Multimodal perception of rhythm, time and illusory time
How does the brain keep track of and make meaning out of temporal information to produce stable percepts of the world?
The Risset Illusion
The Risset illusion subproject uses MRI to investigate how the brain responds to an illusory change in tempo. This illusion may help us understand how predictions can influence the sensory system and override the characteristics of the actual physical stimuli.
Tempo is an MRI sub project where we investigate how changes in tempo and rhythmic quality is perceived. The experiments is set up to study how the brain tracks changes and predict temporal regularities.

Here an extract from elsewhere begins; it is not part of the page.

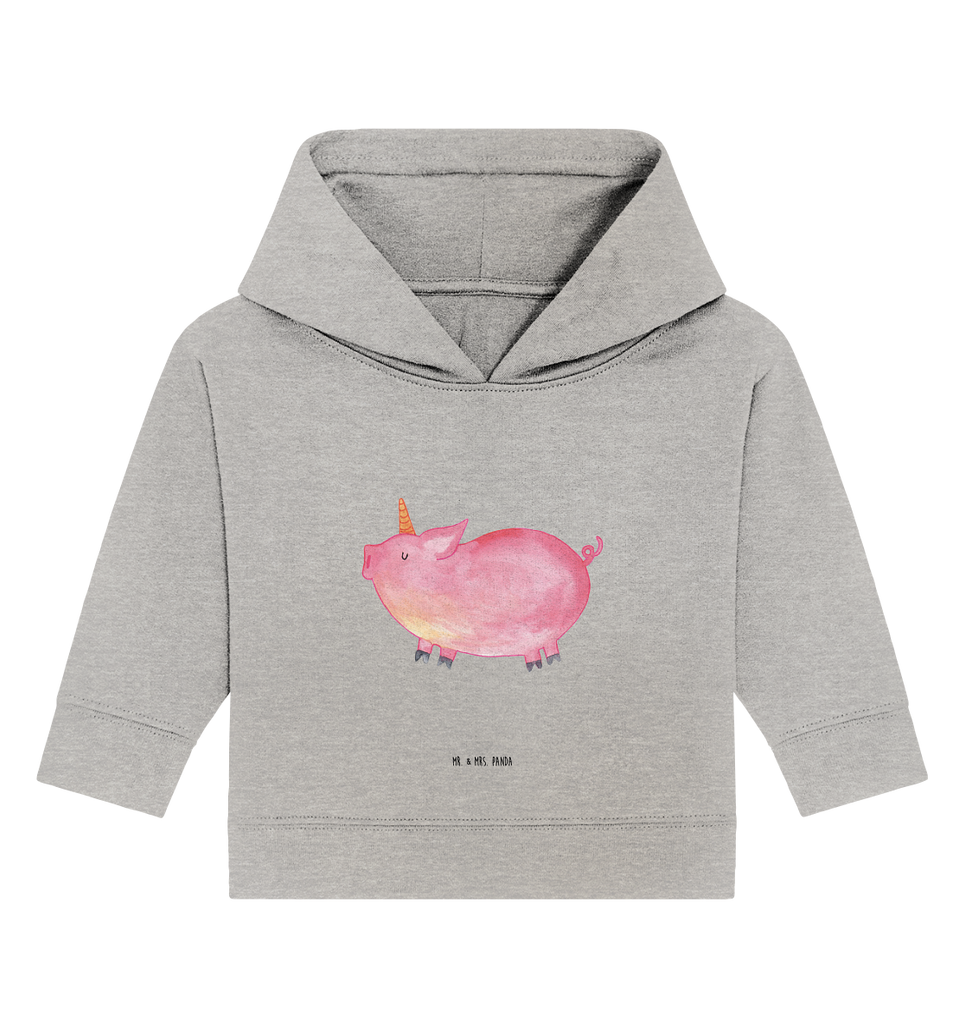 Organic Baby Hoodie Einhorn Schweinhorn Baby Kapuzenshirt, Baby Kapuzensweatshirt, Baby Hoodie, Baby Pullover, Einhorn, Einhörner, Einhorn Deko, Pegasus, Unicorn, Party, Spaß, Schwein, Schweinhorn, Bauer, witzig. lustig, Spruch, geschenk, Pig, Piggy, funny, english, englisch
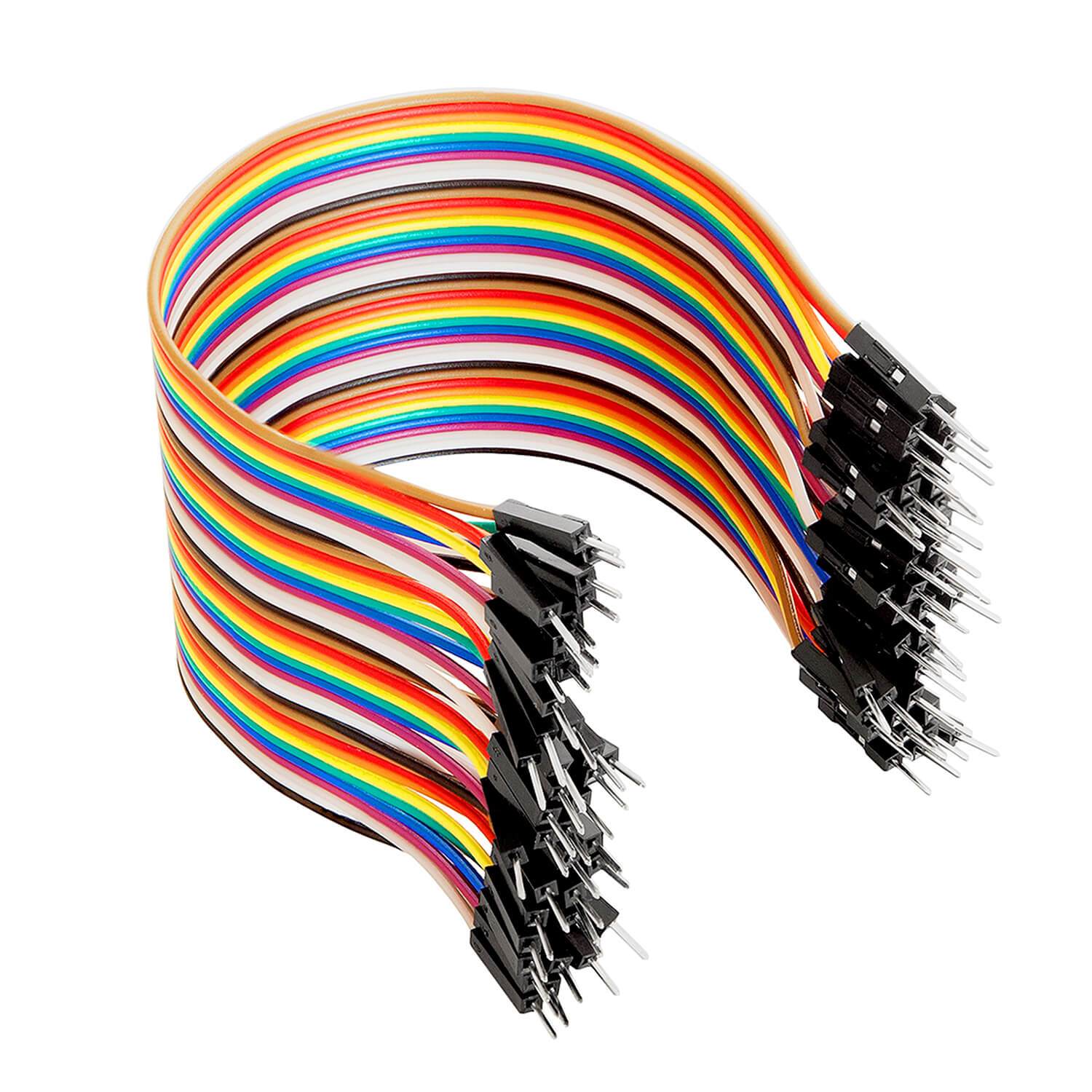 Male To Male Jumper Wire 40 pins 20cm Cable For Arduino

In particular, we are interested in how the brain make sense of linear and nonlinear changes like regular accelerations in tempo relative to nonlinear changes.
The flash lag illusion
We also study the flash lag illusion or flash-lag effect as a fundamental perceptual illusion in the temporal domain. In the classic example, a moving object (e.g., a shifting or rotating line) that at a specific time is physically in the same location of another briefly occurring object (i.e. the flashing of another non-moving line) are perceived to be displaced from one another. In the multimodal version, a visually moving object can be in the same location of another object while a brief sound is played (e.g., a click) and also these two are perceived to be displaced from one another.
These illusions are of interest because they reveal the manner in which the perceptual system deals with predicted versus unpredicted events, exposing how perception often represent in the ‘now’ what will happen in the future. Hence, despite all processing of information is necessarily about the past, we see or hear the future in order to represent and react in the present.